After the earthquake in January of this year, I decided I would finally make my way to the emerald shores of Haiti and put my hands to work. Through the invitation of Lakay Pam and their local supporters I ended up in Port Au Prince, and I couldn’t be more excited and panicked at the same time; the thought of what I was going to run into was unclear and blurry in my head. After the easy and comfortable 3 hour flight from New York, arriving at the airport was simple, but the effects of the destruction were already visible; military helicopters and airplanes parked in the partially destroyed airport and very minor organization on the way in were nothing more than the expected.
After I settled in and reorganized myself, I hopped in the car and went to downtown Port Au Prince. Everywhere I looked around me, I found destruction, from small houses to tall buildings, most of the city crashed down to the ground, 6 floors of construction layered on top of each other, like a sandwich of death. As the car got closer to the core of the city it got worse, and some of the buildings that are still standing show signs of instability, keeping their residents outside, living in improvised tents.
The tents are an entirely new chapter. Tents are spread all over the city where there used to be beautiful squares and monuments, in the hills that border the town, everywhere you look you can see them, alongside tons of debris and trash. It’s heart breaking and disappointing to see that in the modern age we still are subject to such cruelty.
But not all is lost, and every single Haitian citizen and visitor, like myself, will tell you that. The people in that island share something very special, that is their will to survive and their positivity. Haitians have been ruled by brutal, corrupt and selfish presidents; disrespectful and near useless police force, and they have always managed to keep on living, why shouldn’t they now?
The art is spread all over the country, their local artisans show their skills in mosaics, stone sculptures and unimaginable things made of straw. And all that work is done without ever attending a class to teach them the things that many design students from the developed world would take a life time to figure out.

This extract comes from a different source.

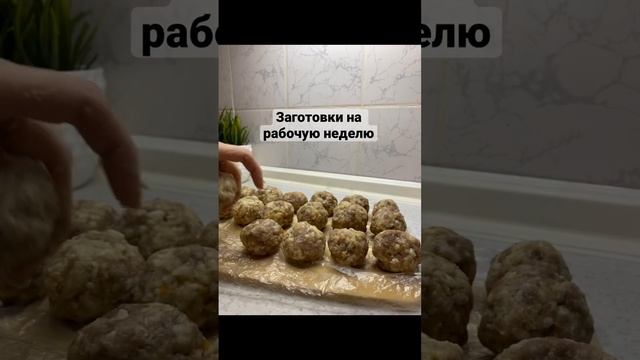ПИЦЦА ЗА 15 минут. ЗАМОРАЖИВАЮ ПИЦЦУ??☺️ #готовимдома #еда #заготовка смотреть онлайн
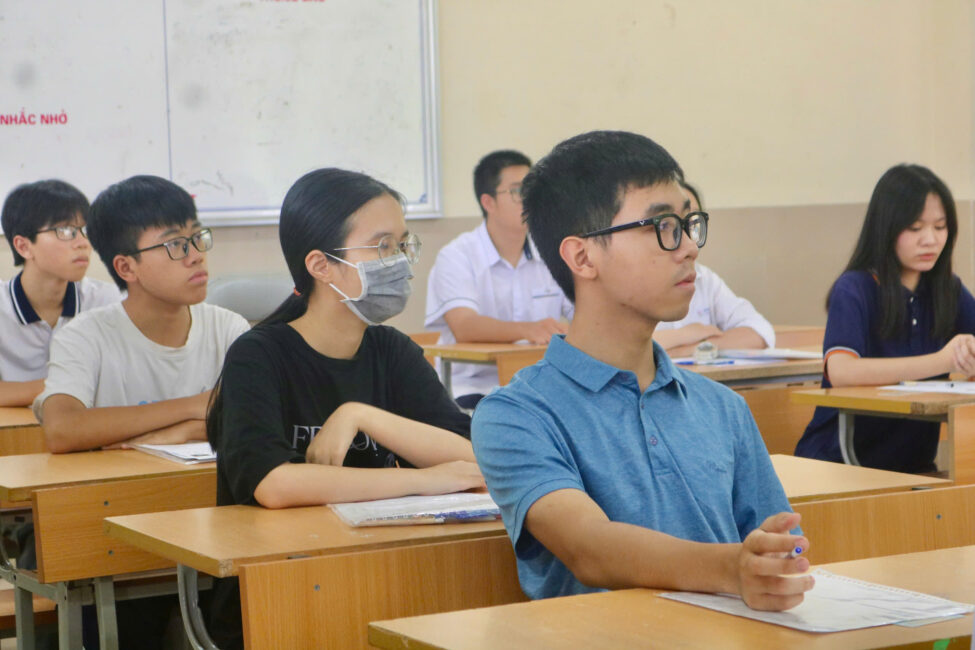 Năm 2025, lần đầu tiên, học sinh lớp 12 thi tốt nghiệp theo Chương trình giáo dục phổ thông mới 2018 với nhiều đổi mới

The help that is coming from all sides is being allocated to their respective places, but at this point the damage is so extensive and so lost in the middle of the politics that it has become easier to do as we are doing, going down there and assessing what you can do for yourself. If it’s cribs, x–ray machines, mattresses, bricks or cement that they need, let’s buy it, let’s do what we can. In a country where the vast majority of people have no running water or electricity, even one hundred dollars can go a long way.
But let me tell you now, what you can do, that would be even easier and surprisingly pleasant: next time you have to take a vacation, instead of going to every other packed destination in the Caribbean, go to Haiti. Yes dear reader, that’s what I said, go to Haiti. With some of the most astonishing beaches in the world, Haiti was once the top destination for vacation, even Elizabeth Taylor had a house there! Well, Haiti’s beaches are still the same and nature has never looked better! Places like Ile à Vache, Port Salut and Cap Haitian have outstanding resorts surrounded by culture and history, not to mention a much different scenario than the one you will run into at Port au Prince. I’ll also tell you a little secret: If you ever went on a cruise through the Caribbean, you have probably already bathed in Haitian waters and walked in one of their beaches; the reason why you don’t know about it is because they won’t tell you, simply because of the bad reputation the country had for many years.
And how will vacationing in Haiti help the country? Well, the more people go there, more money will be injected into the country and more the hotels will be busy and with that more jobs will be generated and more the economy will get back into place. It’s not a rare and unknown formula, it has happened in many cities of Africa, South America, and Asia, which now solely depend on tourism. It may seem like a long shot, but at least you are trying and will have an amazing experience while doing so!
I would even take the chance to say that if you got to the end of this long writing, than you already are on the right track! Help in any way you can, but help no matter what, don’t let this destruction go unresolved don’t let this disaster be forgotten, don’t let Haiti go once again into that dusty place that lives in your end every bodies brains. Only together we can help this nation struck by some bad luck and a lot of bad political decisions.